┌──

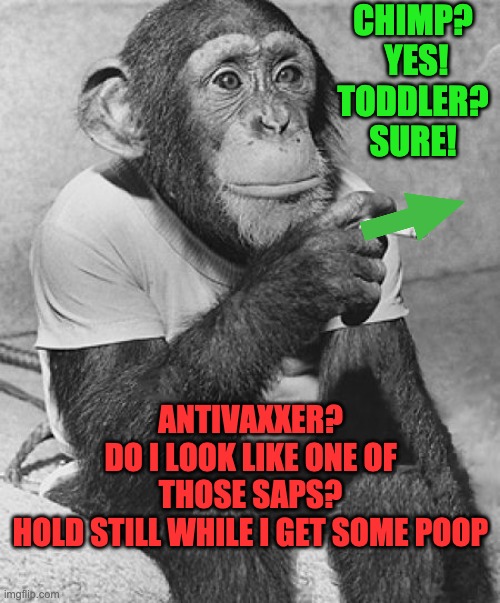 Smoking Chimpanzee | CHIMP?
 YES!
TODDLER?
SURE! ANTIVAXXER?
DO I LOOK LIKE ONE OF THOSE SAPS?
HOLD STILL WHILE I GET SOME POOP | image tagged in smoking chimpanzee | made w/ Imgflip meme maker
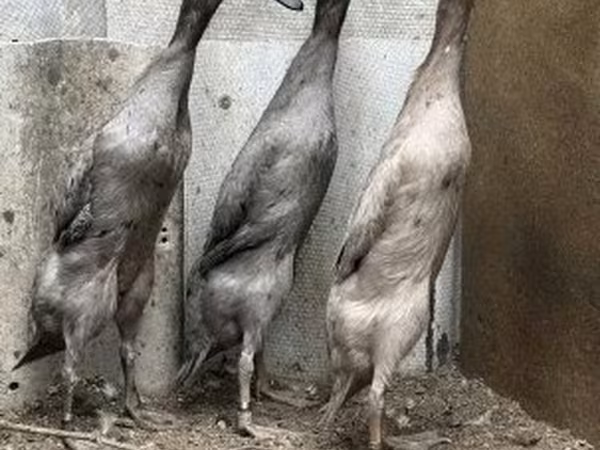Индийский бегун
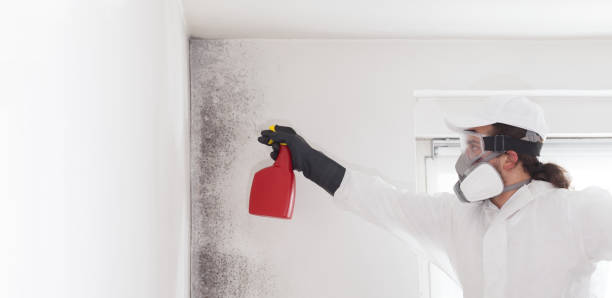 Best HVAC Mold Remediation in Weyauwega, WI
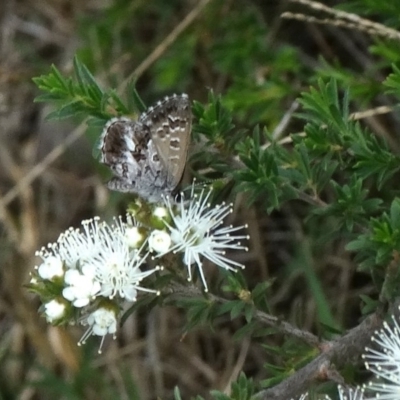 Neolucia agricola (Fringed Heath-blue) at Upper Nepean - 27 Oct 2017 by JanHartog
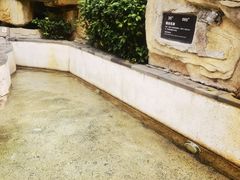 -海口观澜湖火山温泉谷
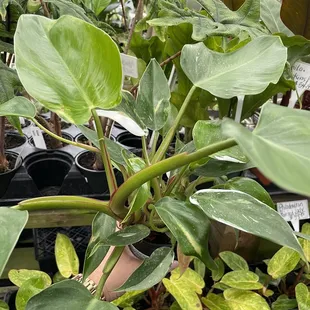 White Princess Philodendron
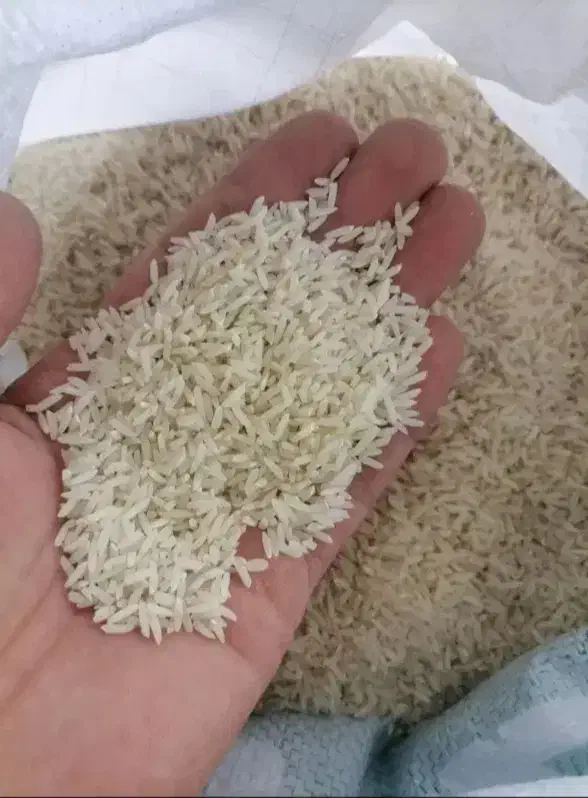 برنج طارم درجه یک|حراج|بجنورد, |دیوار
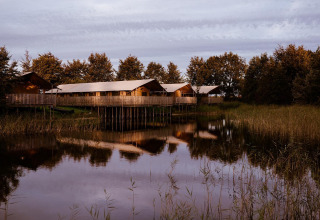 Alojamientos de glamping sobre pilotes junto a un lago tranquilo, rodeados de árboles y naturaleza serena.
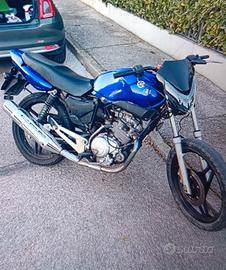 Yamaha YBR 125 - 2006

└──

### WHAT YOU HAVE TO DO:
In the listing above, find the line with "Neolucia agricola (Fringed" and output it and every line after it up to and including the line with "Alojamientos de glamping", exactly, minus the pictures.

### WRITTEN ANSWER:
 Neolucia agricola (Fringed Heath-blue) at Upper Nepean - 27 Oct 2017 by JanHartog
 -海口观澜湖火山温泉谷
 White Princess Philodendron
 برنج طارم درجه یک|حراج|بجنورد, |دیوار
 Alojamientos de glamping sobre pilotes junto a un lago tranquilo, rodeados de árboles y naturaleza serena.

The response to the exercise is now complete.